§ Work to be completed
Drop all images and give the records again exactly.
- - -
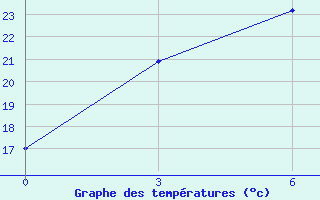 Courbe de tempratures pour Viljujsk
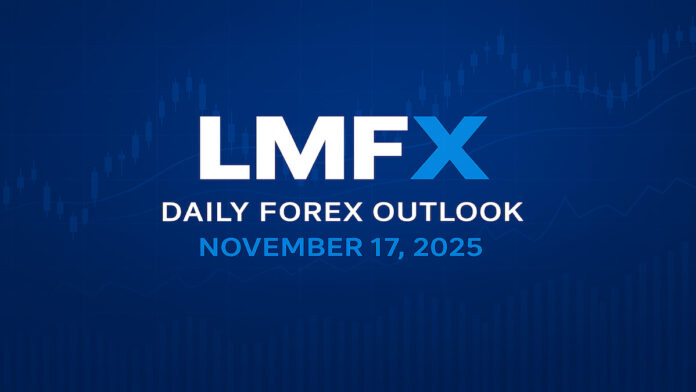 Stay ahead with LMFX Daily Forex Outlook: expert market insights, key currency trends, and trading opportunities every day.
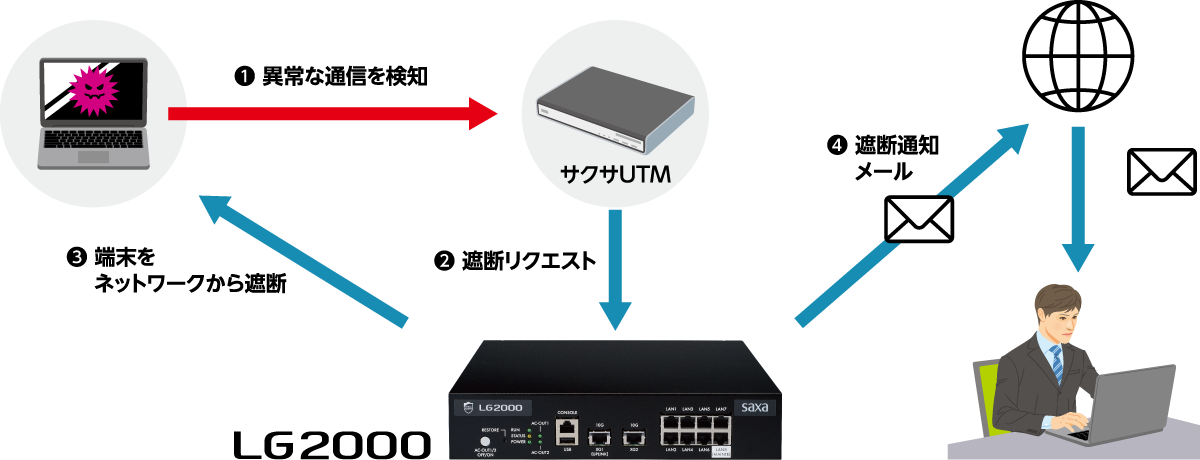 ウイルス感染PCブロック（サクサUTM連携）
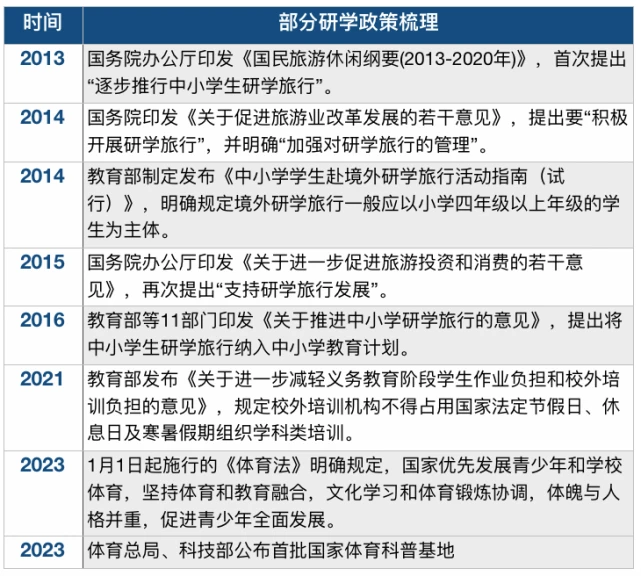 文旅部开放第二批40国出境团队游，体育研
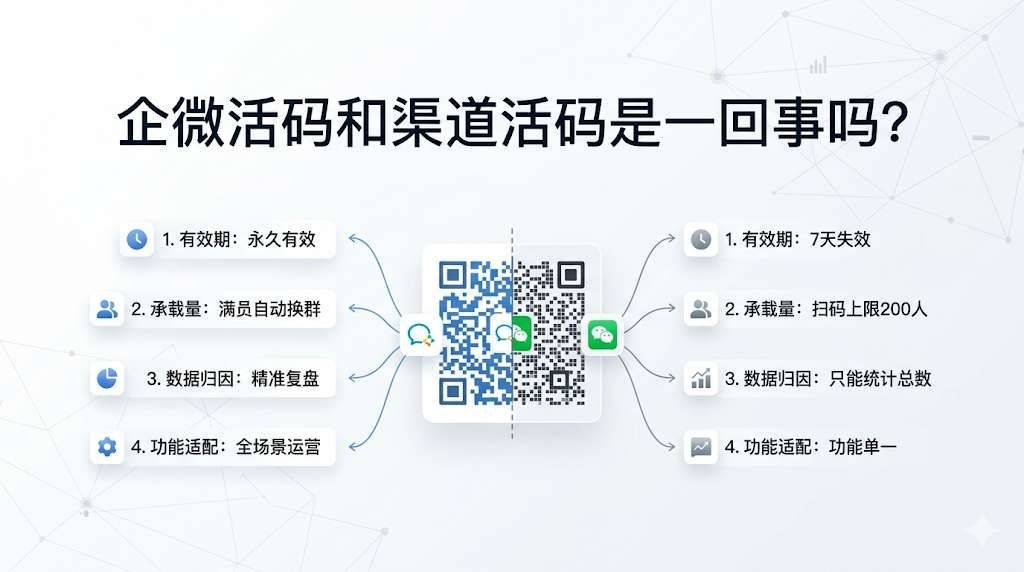 企微活码和渠道活码是一回事吗？
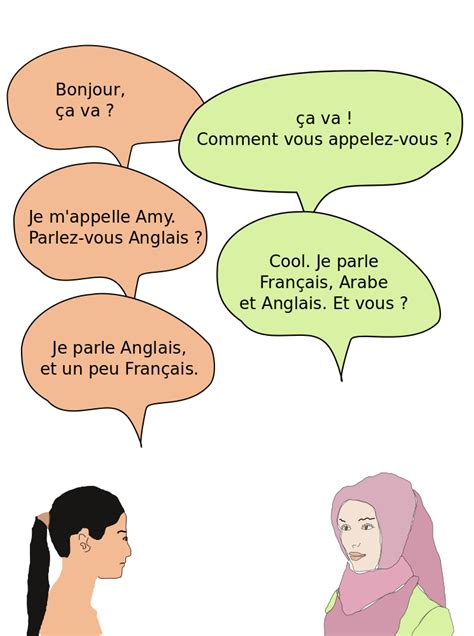 5 Must Know Phrases For Basic French Conversation French Conversation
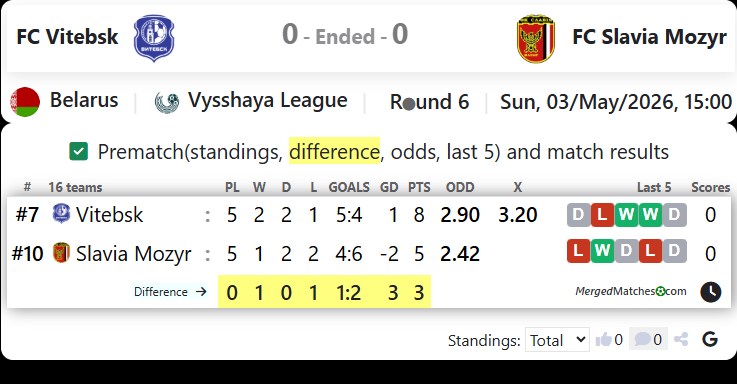 FC Vitebsk Vs FC Slavia Mozyr screenshot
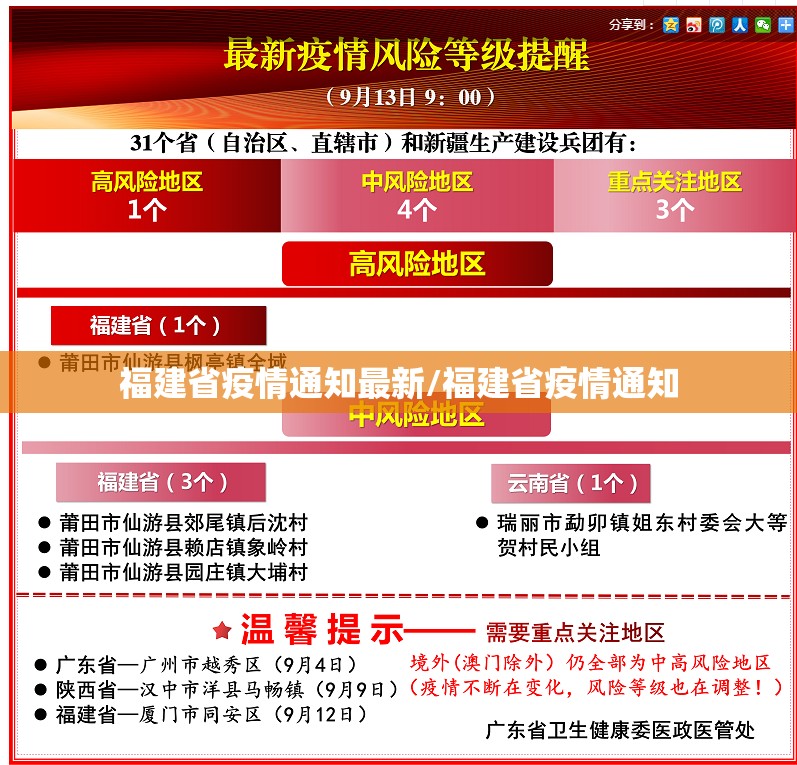 福建省疫情通知最新/福建省疫情通知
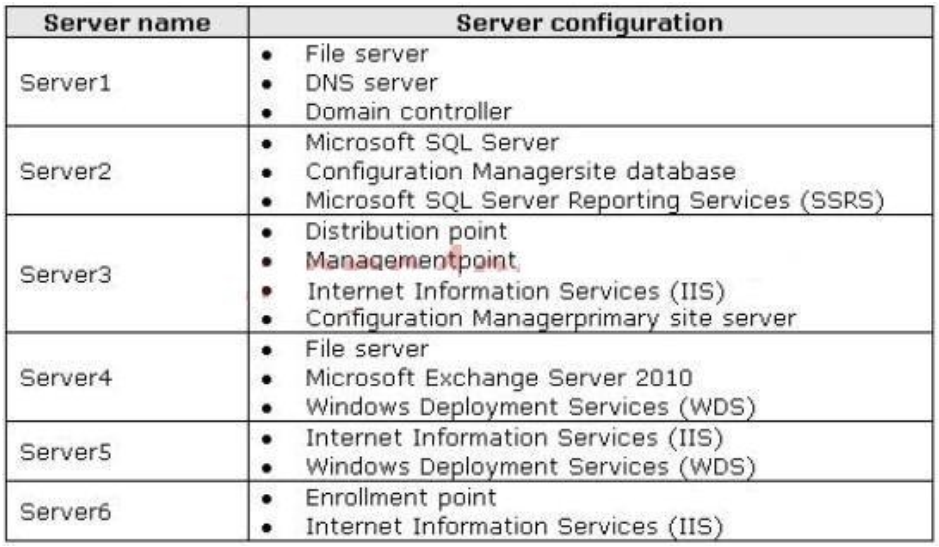 70-243 dumps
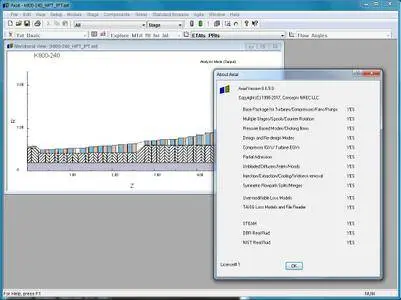 Concepts NREC 8.6.x Suite (Revision 16 june 2018)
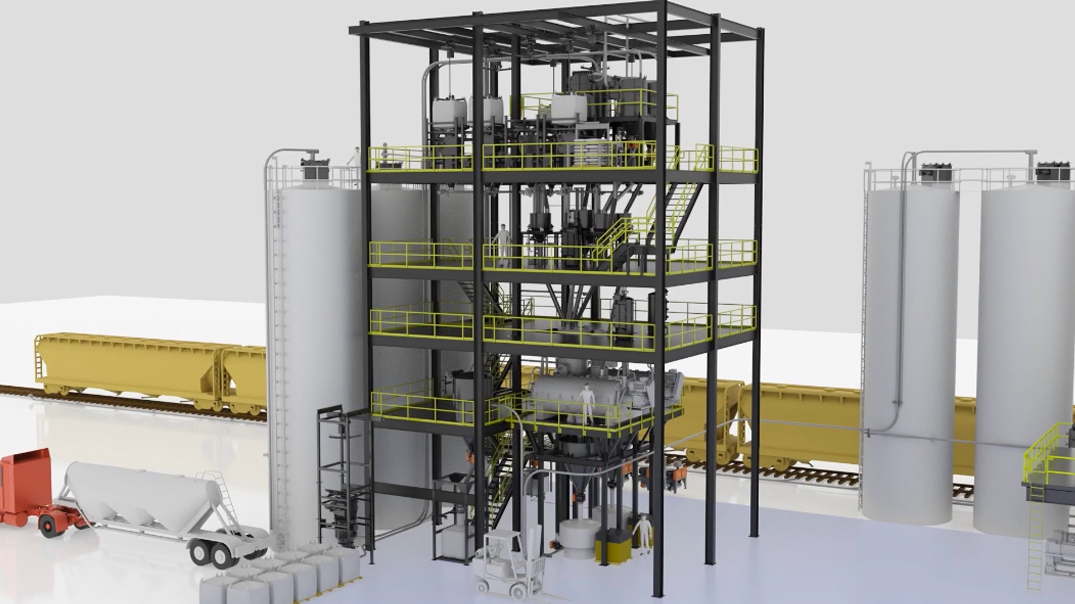 PVC Compounding - Top-Down Model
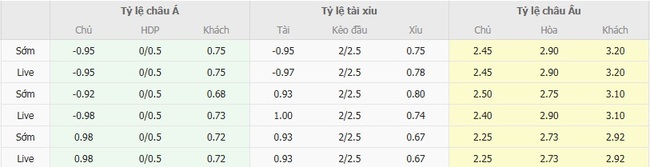 nhan dinh remo belem vs criciuma 4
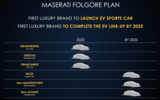 Maserati electrification plan 2022 Maserati electrification plan 2022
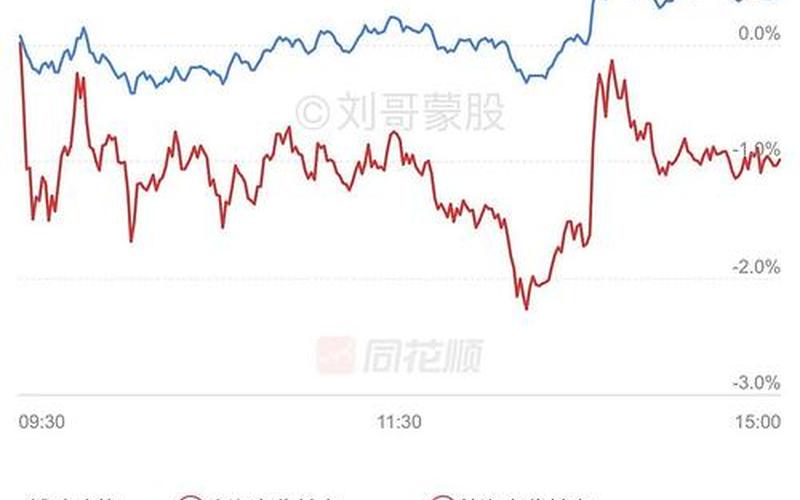 今天股市怎么开盘的视频(今天股市怎么开盘了)-第1张图片-树涛配资网_配资炒股平台及公司 - 股票配资门户网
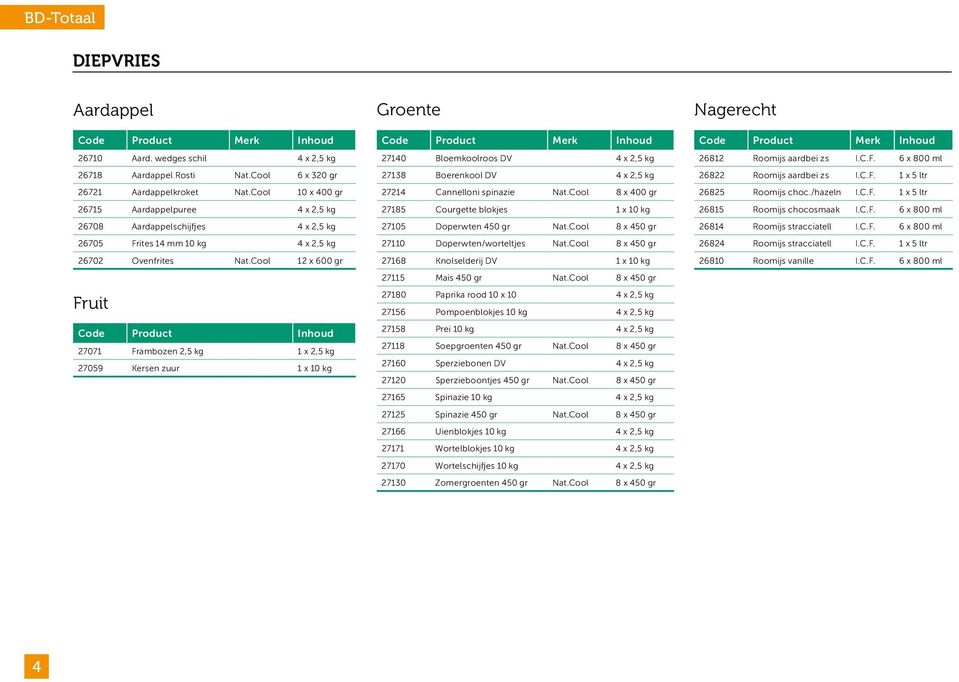 Cool 12 x 600 gr Fruit Code Product Inhoud 27071 Frambozen 2,5 kg 1 x 2,5 kg 27059 Kersen zuur 1 x 10 kg Groente 27140 Bloemkoolroos DV 4 x 2,5 kg 27138 Boerenkool DV 4 x 2,5 kg 27214 Cannelloni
- - -
§ Solved exercise
 Courbe de tempratures pour Viljujsk
 Stay ahead with LMFX Daily Forex Outlook: expert market insights, key currency trends, and trading opportunities every day.
 ウイルス感染PCブロック（サクサUTM連携）
 文旅部开放第二批40国出境团队游，体育研
 企微活码和渠道活码是一回事吗？
 5 Must Know Phrases For Basic French Conversation French Conversation
 FC Vitebsk Vs FC Slavia Mozyr screenshot
 福建省疫情通知最新/福建省疫情通知
 70-243 dumps
 Concepts NREC 8.6.x Suite (Revision 16 june 2018)
 PVC Compounding - Top-Down Model
 nhan dinh remo belem vs criciuma 4
 Maserati electrification plan 2022 Maserati electrification plan 2022
 今天股市怎么开盘的视频(今天股市怎么开盘了)-第1张图片-树涛配资网_配资炒股平台及公司 - 股票配资门户网
 Cool 12 x 600 gr Fruit Code Product Inhoud 27071 Frambozen 2,5 kg 1 x 2,5 kg 27059 Kersen zuur 1 x 10 kg Groente 27140 Bloemkoolroos DV 4 x 2,5 kg 27138 Boerenkool DV 4 x 2,5 kg 27214 Cannelloni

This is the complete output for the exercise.